═════ AVAILABLE DATA
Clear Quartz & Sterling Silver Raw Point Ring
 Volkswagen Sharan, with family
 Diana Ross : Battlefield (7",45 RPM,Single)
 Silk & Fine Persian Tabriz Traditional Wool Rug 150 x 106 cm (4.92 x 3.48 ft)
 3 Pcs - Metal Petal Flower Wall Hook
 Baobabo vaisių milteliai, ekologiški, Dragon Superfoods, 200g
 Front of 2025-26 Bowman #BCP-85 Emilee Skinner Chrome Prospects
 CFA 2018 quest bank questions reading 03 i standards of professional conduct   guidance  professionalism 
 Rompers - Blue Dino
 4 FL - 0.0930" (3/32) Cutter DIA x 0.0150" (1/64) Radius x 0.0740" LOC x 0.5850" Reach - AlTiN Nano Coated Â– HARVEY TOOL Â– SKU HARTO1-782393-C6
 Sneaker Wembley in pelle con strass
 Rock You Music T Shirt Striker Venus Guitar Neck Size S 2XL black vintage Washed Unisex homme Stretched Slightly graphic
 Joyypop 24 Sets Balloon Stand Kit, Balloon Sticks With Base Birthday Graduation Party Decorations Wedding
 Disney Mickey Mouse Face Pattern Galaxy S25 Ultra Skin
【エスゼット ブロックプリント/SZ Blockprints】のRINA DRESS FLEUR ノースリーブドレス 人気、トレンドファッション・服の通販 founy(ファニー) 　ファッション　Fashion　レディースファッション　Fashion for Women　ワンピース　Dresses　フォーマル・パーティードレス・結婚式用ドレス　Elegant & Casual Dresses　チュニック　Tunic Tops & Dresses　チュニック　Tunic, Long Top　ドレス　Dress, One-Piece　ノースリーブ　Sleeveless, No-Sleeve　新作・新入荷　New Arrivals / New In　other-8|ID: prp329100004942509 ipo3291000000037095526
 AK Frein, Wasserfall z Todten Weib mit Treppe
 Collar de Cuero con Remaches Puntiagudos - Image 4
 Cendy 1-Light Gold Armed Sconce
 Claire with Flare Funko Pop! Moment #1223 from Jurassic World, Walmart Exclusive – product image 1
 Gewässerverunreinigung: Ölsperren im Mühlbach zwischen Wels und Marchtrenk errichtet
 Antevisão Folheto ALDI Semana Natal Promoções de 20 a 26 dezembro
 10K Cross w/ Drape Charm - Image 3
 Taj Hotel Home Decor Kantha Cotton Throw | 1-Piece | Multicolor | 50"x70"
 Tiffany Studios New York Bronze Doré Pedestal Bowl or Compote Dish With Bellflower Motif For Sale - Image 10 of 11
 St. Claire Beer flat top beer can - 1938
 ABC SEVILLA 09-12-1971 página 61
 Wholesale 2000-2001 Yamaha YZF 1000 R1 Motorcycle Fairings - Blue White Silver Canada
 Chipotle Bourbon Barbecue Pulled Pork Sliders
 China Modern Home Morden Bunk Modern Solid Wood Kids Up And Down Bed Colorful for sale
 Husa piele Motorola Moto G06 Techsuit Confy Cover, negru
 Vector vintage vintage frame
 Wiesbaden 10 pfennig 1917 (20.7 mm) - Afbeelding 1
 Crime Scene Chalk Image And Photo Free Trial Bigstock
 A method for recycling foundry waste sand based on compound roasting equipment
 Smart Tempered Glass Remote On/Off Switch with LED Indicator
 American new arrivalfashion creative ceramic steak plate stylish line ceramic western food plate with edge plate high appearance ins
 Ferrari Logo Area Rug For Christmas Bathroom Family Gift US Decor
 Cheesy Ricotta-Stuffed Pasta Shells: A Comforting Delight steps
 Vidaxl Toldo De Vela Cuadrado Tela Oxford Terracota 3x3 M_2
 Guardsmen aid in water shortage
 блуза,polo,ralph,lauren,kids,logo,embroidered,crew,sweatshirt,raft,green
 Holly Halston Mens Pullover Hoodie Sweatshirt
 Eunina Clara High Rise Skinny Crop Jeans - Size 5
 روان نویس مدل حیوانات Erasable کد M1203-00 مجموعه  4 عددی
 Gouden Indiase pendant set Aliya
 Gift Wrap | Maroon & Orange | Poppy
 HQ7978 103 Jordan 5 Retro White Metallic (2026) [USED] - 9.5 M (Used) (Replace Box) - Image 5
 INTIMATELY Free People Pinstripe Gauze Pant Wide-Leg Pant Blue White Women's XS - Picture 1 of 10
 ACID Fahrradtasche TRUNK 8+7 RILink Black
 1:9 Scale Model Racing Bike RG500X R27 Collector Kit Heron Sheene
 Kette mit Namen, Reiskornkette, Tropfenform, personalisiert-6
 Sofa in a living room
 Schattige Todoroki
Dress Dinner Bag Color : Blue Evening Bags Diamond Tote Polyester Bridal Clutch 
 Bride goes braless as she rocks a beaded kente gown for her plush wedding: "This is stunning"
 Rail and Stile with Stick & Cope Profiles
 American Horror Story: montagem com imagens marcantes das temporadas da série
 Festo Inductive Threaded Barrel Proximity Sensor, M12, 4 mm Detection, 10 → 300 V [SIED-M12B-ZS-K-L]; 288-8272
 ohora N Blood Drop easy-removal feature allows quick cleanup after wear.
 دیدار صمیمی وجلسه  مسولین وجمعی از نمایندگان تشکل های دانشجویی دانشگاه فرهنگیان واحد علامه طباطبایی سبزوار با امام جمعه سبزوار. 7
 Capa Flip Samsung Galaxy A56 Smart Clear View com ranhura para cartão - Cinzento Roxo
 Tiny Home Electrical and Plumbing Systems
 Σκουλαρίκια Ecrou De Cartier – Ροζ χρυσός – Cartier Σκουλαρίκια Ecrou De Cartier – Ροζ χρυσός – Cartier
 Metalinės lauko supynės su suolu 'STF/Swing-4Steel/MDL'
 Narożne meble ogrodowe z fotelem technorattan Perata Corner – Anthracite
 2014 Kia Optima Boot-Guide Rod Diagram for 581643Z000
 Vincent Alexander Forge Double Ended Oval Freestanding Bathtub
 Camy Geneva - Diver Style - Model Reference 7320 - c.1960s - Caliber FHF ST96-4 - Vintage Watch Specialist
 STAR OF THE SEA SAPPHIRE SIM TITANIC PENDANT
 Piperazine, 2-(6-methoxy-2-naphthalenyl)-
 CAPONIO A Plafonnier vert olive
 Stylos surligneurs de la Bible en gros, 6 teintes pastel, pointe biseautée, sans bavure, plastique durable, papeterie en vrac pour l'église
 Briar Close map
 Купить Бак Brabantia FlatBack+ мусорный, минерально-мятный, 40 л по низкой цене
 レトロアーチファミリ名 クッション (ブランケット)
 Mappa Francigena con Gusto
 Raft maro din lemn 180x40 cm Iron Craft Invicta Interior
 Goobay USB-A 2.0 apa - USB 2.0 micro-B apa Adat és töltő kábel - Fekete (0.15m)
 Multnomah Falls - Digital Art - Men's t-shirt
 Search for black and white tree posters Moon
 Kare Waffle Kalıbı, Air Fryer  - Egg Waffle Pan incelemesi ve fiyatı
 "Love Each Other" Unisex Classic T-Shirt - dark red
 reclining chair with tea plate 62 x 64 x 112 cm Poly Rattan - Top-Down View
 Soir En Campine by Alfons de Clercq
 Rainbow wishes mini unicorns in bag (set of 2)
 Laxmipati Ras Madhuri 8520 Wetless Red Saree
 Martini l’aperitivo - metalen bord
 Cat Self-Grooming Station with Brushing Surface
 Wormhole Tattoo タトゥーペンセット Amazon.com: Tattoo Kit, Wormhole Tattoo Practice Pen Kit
══════════
▶ [TRY IT]
Would you please reproduce the records above exactly, only from their first line through the line holding "Claire with Flare", with both ends included?

▶ [SOLUTION]
Clear Quartz & Sterling Silver Raw Point Ring
 Volkswagen Sharan, with family
 Diana Ross : Battlefield (7",45 RPM,Single)
 Silk & Fine Persian Tabriz Traditional Wool Rug 150 x 106 cm (4.92 x 3.48 ft)
 3 Pcs - Metal Petal Flower Wall Hook
 Baobabo vaisių milteliai, ekologiški, Dragon Superfoods, 200g
 Front of 2025-26 Bowman #BCP-85 Emilee Skinner Chrome Prospects
 CFA 2018 quest bank questions reading 03 i standards of professional conduct   guidance  professionalism 
 Rompers - Blue Dino
 4 FL - 0.0930" (3/32) Cutter DIA x 0.0150" (1/64) Radius x 0.0740" LOC x 0.5850" Reach - AlTiN Nano Coated Â– HARVEY TOOL Â– SKU HARTO1-782393-C6
 Sneaker Wembley in pelle con strass
 Rock You Music T Shirt Striker Venus Guitar Neck Size S 2XL black vintage Washed Unisex homme Stretched Slightly graphic
 Joyypop 24 Sets Balloon Stand Kit, Balloon Sticks With Base Birthday Graduation Party Decorations Wedding
 Disney Mickey Mouse Face Pattern Galaxy S25 Ultra Skin
【エスゼット ブロックプリント/SZ Blockprints】のRINA DRESS FLEUR ノースリーブドレス 人気、トレンドファッション・服の通販 founy(ファニー) 　ファッション　Fashion　レディースファッション　Fashion for Women　ワンピース　Dresses　フォーマル・パーティードレス・結婚式用ドレス　Elegant & Casual Dresses　チュニック　Tunic Tops & Dresses　チュニック　Tunic, Long Top　ドレス　Dress, One-Piece　ノースリーブ　Sleeveless, No-Sleeve　新作・新入荷　New Arrivals / New In　other-8|ID: prp329100004942509 ipo3291000000037095526
 AK Frein, Wasserfall z Todten Weib mit Treppe
 Collar de Cuero con Remaches Puntiagudos - Image 4
 Cendy 1-Light Gold Armed Sconce
 Claire with Flare Funko Pop! Moment #1223 from Jurassic World, Walmart Exclusive – product image 1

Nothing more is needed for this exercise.